[Captioned web images]

====

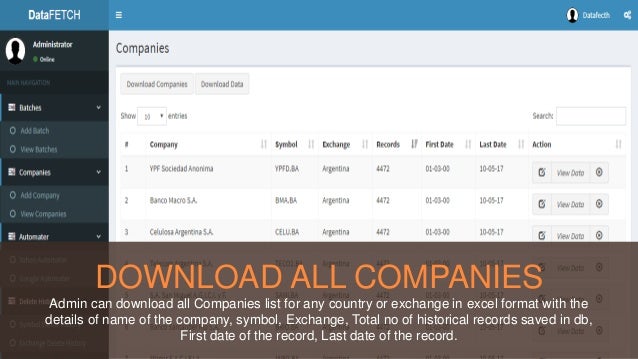 Yahoo forex historical data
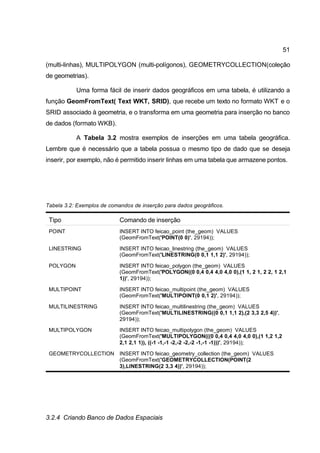 51

(multi-linhas), MULTIPOLYGON (multi-polígonos), GEOMETRYCOLLECTION(coleção
de geometrias).

           Uma forma fácil de inserir dados geográficos em uma tabela, é utilizando a
função GeomFromText( Text WKT, SRID), que recebe um texto no formato WKT e o
SRID associado à geometria, e o transforma em uma geometria para inserção no banco
de dados (formato WKB).

           A Tabela 3.2 mostra exemplos de inserções em uma tabela geográfica.
Lembre que é necessário que a tabela possua o mesmo tipo de dado que se deseja
inserir, por exemplo, não é permitido inserir linhas em uma tabela que armazene pontos.




Tabela 3.2: Exemplos de comandos de inserção para dados geográficos.

 Tipo                       Comando de inserção
 POINT                      INSERT INTO feicao_point (the_geom) VALUES
                            (GeomFromText('POINT(0 0)', 29194));

 LINESTRING                 INSERT INTO feicao_linestring (the_geom) VALUES
                            (GeomFromText('LINESTRING(0 0,1 1,1 2)', 29194));

 POLYGON                    INSERT INTO feicao_polygon (the_geom) VALUES
                            (GeomFromText('POLYGON((0 0,4 0,4 4,0 4,0 0),(1 1, 2 1, 2 2, 1 2,1
                            1))', 29194));

 MULTIPOINT                 INSERT INTO feicao_multipoint (the_geom) VALUES
                            (GeomFromText('MULTIPOINT(0 0,1 2)', 29194));

 MULTILINESTRING            INSERT INTO feicao_multilinestring (the_geom) VALUES
                            (GeomFromText('MULTILINESTRING((0 0,1 1,1 2),(2 3,3 2,5 4))',
                            29194));

 MULTIPOLYGON               INSERT INTO feicao_multipolygon (the_geom) VALUES
                            (GeomFromText('MULTIPOLYGON(((0 0,4 0,4 4,0 4,0 0),(1 1,2 1,2
                            2,1 2,1 1)), ((-1 -1,-1 -2,-2 -2,-2 -1,-1 -1)))', 29194));

 GEOMETRYCOLLECTION INSERT INTO feicao_geometry_collection (the_geom) VALUES
                    (GeomFromText('GEOMETRYCOLLECTION(POINT(2
                    3),LINESTRING(2 3,3 4))', 29194));




3.2.4 Criando Banco de Dados Espaciais
 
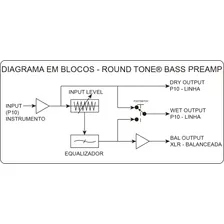 Pedal Bass Preamp Round Tone Trefilio Baixo Foto mini 2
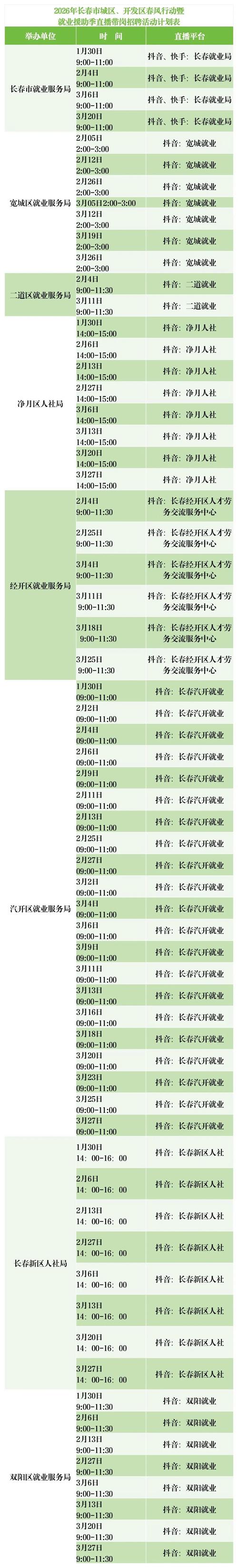 长春招聘网最新招聘有哪些岗位？-图2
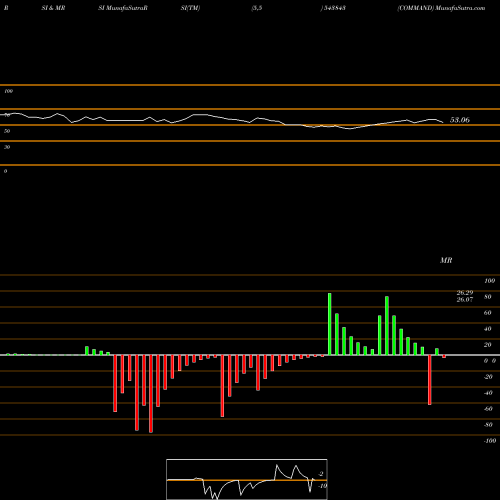 RSI & MRSI charts COMMAND 543843 share BSE Stock Exchange 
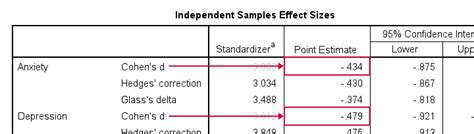 Spss Independent Samples T Test Beginners Tutorial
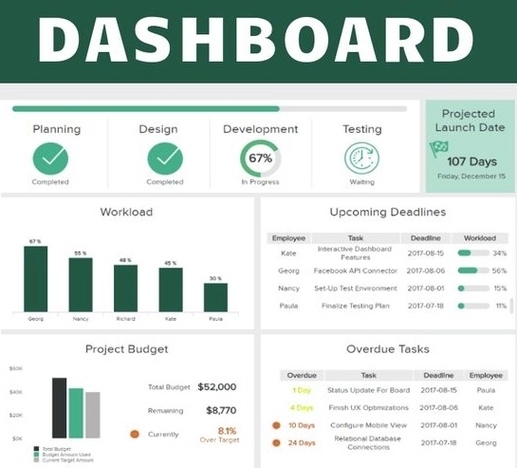 Project Management Dashboard Example
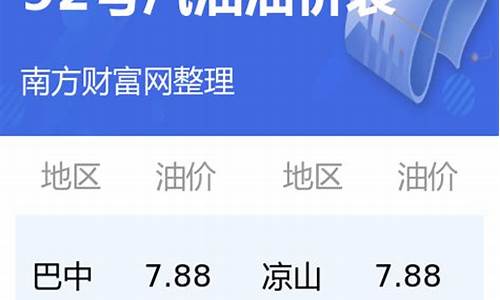 四川资阳油价-四川资中92号汽油价格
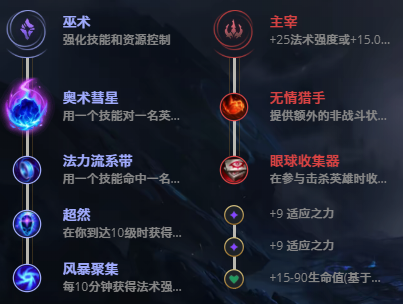 英雄联盟11.5炸弹人出装加点玩法技巧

====

Using the records above, report each line with the string "SRID".

função GeomFromText( Text WKT, SRID), que recebe um texto no formato WKT e o
SRID associado à geometria, e o transforma em uma geometria para inserção no banco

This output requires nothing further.